Cette véritable scission au sein de la droite libérale, qui avait réussi à tenir sous le même étendard, pendant longtemps, courants plus étatistes et courants plus conservateurs, sera douloureuse. Les droites européennes, de Sarkozy à Fini en passant par la Big Society de Cameron et le PLR/PDC, ne cesseront dès lors de se recomposer, butant sur ce problème majeur: comment prendre en compte cette frange de leur électorat qui, après s’être longtemps tue, a fini par oser dire que l’Etat tel qu’il se développait leur paraissait liberticide?
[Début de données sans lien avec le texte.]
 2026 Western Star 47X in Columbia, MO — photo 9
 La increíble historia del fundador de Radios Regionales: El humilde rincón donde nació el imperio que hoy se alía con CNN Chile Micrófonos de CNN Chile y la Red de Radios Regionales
Même un pays qui se croyait immunisé contre tout extrémisme commence à se poser des questions: l’Allemagne. Ce pays s’est longtemps félicité, et à juste titre, du peu d’impact qu’avaient les populismes sur lui. Et survint l’affaire «Sarrazin», du nom du banquier social-démocrate qui s’est fendu d’un pamphlet dénonçant la mainmise des immigrés étrangers sur l’Allemagne. Même un journal comme Die Zeit, qui n’est pas à droite, s’inquiète: la CDU, en édulcorant son discours, est-elle en train, à son tour, de créer un vide à droite dans lequel pour­raient s’engouffrer des groupements aux intentions fort peu saines?

Le libéralisme peut-il sortir de cette situation? Il pourrait peut-être s’inspirer d’Obama, qui a refusé de stigmatiser le Tea Party, d’ostraciser ce ressentiment diffus qu’il exprime. Mais il convient aussi de voir comment les partis libéraux et conservateurs actuels peuvent se réconcilier avec ce conservatisme de vieille souche qui a fait sécession; en somme, de voir comment des réponses libérales pourraient réconforter ce malaise venu de droite. Le pragmatisme libéral peut aider, à condition qu’il soit enrobé dans un «tissu» explicatif digne de ce nom. Ne nous trompons pas: l’écrasante majorité des électeurs attirés par ces mouvements n’a pas le niveau de Sarah Palin, l’égérie du Tea Party: ils délivrent un message, qui tourne autour de la notion de liberté et de ses limites, de l’Etat moderne et de la façon de se le réapproprier aujour­d’hui, dans un contexte d’après-crise qui ne sim­plifie pas les choses. Le libéralisme ne peut se désinté­resser de ces questions: la cohérence de son discours passe par là.